━━ PROVIDED DATA
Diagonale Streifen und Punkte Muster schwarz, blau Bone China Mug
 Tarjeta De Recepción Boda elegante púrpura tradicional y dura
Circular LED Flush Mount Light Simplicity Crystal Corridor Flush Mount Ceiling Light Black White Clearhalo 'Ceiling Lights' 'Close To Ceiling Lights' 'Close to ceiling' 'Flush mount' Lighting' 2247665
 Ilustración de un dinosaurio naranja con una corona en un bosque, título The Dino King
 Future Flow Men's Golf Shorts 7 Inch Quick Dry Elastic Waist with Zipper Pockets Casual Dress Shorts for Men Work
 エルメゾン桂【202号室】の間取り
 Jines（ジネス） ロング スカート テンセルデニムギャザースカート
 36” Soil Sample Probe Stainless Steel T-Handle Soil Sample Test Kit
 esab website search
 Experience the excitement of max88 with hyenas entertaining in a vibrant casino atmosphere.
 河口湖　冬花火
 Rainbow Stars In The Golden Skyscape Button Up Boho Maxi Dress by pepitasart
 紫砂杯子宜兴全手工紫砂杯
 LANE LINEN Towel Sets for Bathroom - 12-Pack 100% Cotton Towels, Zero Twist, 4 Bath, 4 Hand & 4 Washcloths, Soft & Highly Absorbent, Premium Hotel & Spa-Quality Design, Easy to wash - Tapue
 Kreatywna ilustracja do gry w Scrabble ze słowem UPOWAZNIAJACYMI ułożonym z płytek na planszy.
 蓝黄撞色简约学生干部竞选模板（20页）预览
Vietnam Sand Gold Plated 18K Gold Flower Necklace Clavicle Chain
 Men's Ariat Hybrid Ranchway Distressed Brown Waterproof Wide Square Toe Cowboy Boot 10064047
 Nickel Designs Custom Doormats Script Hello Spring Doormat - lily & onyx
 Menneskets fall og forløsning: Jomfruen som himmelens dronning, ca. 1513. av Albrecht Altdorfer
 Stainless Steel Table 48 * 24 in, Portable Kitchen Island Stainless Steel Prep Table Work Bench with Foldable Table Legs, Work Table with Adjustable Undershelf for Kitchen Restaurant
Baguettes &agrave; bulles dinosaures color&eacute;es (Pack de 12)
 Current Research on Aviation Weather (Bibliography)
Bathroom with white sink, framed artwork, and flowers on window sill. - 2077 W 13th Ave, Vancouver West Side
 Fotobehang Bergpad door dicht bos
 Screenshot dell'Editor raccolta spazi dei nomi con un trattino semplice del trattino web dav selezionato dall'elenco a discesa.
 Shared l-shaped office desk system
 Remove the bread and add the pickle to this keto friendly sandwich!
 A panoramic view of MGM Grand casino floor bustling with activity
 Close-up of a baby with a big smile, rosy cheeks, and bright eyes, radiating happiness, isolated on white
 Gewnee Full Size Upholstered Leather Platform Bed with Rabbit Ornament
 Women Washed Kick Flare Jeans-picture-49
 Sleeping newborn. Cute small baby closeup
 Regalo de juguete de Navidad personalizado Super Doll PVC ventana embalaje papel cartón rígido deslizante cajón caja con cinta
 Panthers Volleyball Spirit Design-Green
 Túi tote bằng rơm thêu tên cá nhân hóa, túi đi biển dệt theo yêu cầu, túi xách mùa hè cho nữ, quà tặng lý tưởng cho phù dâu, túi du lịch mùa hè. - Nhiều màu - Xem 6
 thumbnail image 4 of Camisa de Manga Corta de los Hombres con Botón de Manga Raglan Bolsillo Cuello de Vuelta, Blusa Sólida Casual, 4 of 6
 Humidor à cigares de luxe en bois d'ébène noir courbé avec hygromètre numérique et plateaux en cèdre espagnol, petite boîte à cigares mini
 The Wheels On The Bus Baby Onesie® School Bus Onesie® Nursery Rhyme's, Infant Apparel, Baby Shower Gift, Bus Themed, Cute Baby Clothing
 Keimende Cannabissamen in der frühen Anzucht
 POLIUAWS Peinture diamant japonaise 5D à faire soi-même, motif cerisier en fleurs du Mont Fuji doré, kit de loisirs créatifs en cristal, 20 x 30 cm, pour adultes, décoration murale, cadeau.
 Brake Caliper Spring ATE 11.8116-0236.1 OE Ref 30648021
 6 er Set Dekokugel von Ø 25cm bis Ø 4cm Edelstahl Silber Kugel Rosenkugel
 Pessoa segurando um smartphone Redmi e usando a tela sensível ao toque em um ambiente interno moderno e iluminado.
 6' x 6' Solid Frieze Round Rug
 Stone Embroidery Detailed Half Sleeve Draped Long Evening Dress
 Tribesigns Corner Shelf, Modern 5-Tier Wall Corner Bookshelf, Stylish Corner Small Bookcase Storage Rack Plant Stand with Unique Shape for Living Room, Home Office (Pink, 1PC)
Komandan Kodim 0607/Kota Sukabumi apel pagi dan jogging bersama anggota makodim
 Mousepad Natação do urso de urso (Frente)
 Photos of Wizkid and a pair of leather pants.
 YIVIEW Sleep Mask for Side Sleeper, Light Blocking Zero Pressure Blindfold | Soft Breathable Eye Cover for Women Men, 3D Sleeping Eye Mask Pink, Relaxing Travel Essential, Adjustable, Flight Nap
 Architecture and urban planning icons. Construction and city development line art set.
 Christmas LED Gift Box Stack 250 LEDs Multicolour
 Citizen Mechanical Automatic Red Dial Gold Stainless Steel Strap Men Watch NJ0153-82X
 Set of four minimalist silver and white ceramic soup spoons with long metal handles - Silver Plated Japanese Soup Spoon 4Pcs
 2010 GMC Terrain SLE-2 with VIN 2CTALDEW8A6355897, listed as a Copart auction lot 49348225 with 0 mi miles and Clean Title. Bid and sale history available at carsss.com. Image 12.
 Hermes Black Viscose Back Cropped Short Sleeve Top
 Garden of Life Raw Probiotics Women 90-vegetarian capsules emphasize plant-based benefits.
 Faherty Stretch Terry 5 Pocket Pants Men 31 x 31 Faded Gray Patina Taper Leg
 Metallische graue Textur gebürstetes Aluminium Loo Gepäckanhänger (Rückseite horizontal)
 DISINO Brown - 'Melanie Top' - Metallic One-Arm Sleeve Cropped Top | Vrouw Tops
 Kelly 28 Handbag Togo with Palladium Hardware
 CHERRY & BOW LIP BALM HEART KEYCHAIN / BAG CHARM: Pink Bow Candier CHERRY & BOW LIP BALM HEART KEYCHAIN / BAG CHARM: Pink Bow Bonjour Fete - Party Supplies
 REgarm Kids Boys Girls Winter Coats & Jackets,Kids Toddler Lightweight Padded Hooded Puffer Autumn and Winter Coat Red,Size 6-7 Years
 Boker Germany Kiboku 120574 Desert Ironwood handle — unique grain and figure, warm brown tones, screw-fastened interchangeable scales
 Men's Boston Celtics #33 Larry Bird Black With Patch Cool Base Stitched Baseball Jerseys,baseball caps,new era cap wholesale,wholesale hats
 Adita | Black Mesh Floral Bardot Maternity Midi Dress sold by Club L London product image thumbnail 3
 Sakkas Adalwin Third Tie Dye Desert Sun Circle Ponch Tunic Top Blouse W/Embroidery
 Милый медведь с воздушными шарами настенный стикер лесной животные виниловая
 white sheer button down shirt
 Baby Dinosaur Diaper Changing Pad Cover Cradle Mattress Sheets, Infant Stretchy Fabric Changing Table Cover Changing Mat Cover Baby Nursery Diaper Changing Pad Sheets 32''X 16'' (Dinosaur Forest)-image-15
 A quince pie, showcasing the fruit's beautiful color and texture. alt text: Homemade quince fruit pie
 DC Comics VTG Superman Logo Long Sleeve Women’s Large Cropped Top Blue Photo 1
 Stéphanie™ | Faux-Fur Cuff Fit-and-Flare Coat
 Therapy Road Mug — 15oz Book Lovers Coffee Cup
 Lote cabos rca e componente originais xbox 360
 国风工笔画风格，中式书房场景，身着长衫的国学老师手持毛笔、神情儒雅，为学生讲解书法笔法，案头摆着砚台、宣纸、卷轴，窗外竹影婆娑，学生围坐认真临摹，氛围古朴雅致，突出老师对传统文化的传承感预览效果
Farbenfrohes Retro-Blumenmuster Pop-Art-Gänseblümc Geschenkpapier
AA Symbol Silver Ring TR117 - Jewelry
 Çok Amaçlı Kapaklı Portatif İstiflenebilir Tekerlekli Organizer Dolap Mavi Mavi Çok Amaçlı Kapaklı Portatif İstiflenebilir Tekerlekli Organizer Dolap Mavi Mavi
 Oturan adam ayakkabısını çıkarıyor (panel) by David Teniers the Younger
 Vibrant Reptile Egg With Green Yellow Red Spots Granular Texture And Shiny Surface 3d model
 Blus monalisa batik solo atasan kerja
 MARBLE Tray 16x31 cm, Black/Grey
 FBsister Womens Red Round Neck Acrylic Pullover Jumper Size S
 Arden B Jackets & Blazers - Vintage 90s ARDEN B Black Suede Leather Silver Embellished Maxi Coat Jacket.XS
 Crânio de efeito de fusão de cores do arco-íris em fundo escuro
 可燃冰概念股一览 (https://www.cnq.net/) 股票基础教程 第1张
━━━━
## ASSIGNED TASK:
Could you retype exactly the lines above, starting at the line that contains "Komandan Kodim 0607/Kota" and ending at the line that contains "Citizen Mechanical Automatic", and nothing more?

## TASK OUTPUT:
Komandan Kodim 0607/Kota Sukabumi apel pagi dan jogging bersama anggota makodim
 Mousepad Natação do urso de urso (Frente)
 Photos of Wizkid and a pair of leather pants.
 YIVIEW Sleep Mask for Side Sleeper, Light Blocking Zero Pressure Blindfold | Soft Breathable Eye Cover for Women Men, 3D Sleeping Eye Mask Pink, Relaxing Travel Essential, Adjustable, Flight Nap
 Architecture and urban planning icons. Construction and city development line art set.
 Christmas LED Gift Box Stack 250 LEDs Multicolour
 Citizen Mechanical Automatic Red Dial Gold Stainless Steel Strap Men Watch NJ0153-82X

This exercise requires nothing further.